Después de El Exorcista, el cine de terror ya no sería el mismo. Aún y cuando el tema del demonio en el cine podría considerarse oscuro y hasta gótico, propio de ambientes medievales y quemas de brujas, el hecho de haberlo llevado a ambientes modernos cambia la idea de los lugares clásicos donde – se supone- suceden este tipo de cosas.
La historia y su desarrollo son un abierto cuestionamiento a la idea del mal en el pensamiento moderno. El demonio elige a una niña norteamericana que vive en Georgetown, ni más ni menos que el corazón del país.
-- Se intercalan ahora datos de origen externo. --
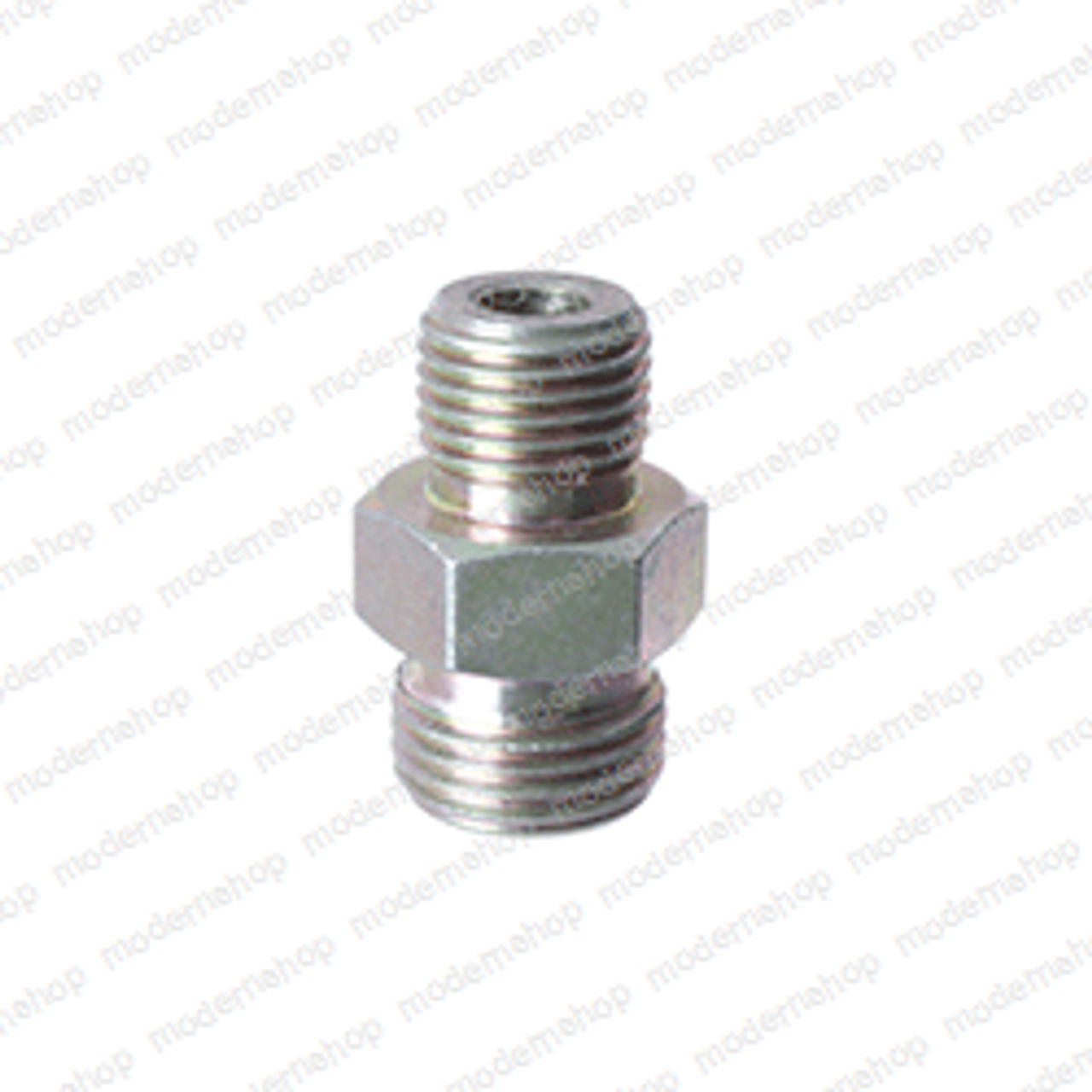 6F5OLO-S: Parker Hose/Fitting CONNECTOR - STRAIGHT THREAD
La mamá es actriz sin creencias religiosas arraigadas, divorciada, intentando una nueva relación… nada fuera de lo común. El hombre que finalmente enfrentará a las fuerzas del mal si es un personaje más complejo: un sacerdote, psiquiatra, en medio de una crisis de fe.
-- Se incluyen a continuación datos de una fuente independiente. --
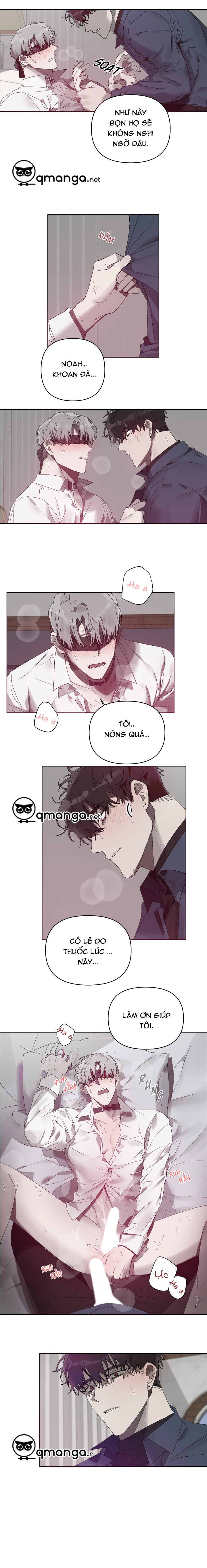 trái ngọt nơi đầu lưỡi chapter 5 5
El haber sacado la historia del ambiente lúgubre que caracterizaba al cine de terror de la época es su primer gran mérito. El haberse documentado acerca del rito y de los procedimientos que la Iglesia Católica usa en esos casos, la blindaba contra acusaciones de calumnia o falsedad. El haber expuesto la posibilidad de que el mal existe y todos podemos ser víctimas la convertía en algo verdaderamente aterrador.
Después del Exorcista se volvió lugar común que los poseídos en cine cambiaran la expresión y color de sus ojos, y que la voz se volviera casi un rugido, se blasfemara y se hicieran algunas acrobacias. Hay que decir que lograrlo la primera vez no fue sencillo, la voz del demonio en boca de Reagan se logró superponiendo voz de mujer, de hombre, zumbidos de abeja y ladridos de perro. Otra genial idea del gran Gavira.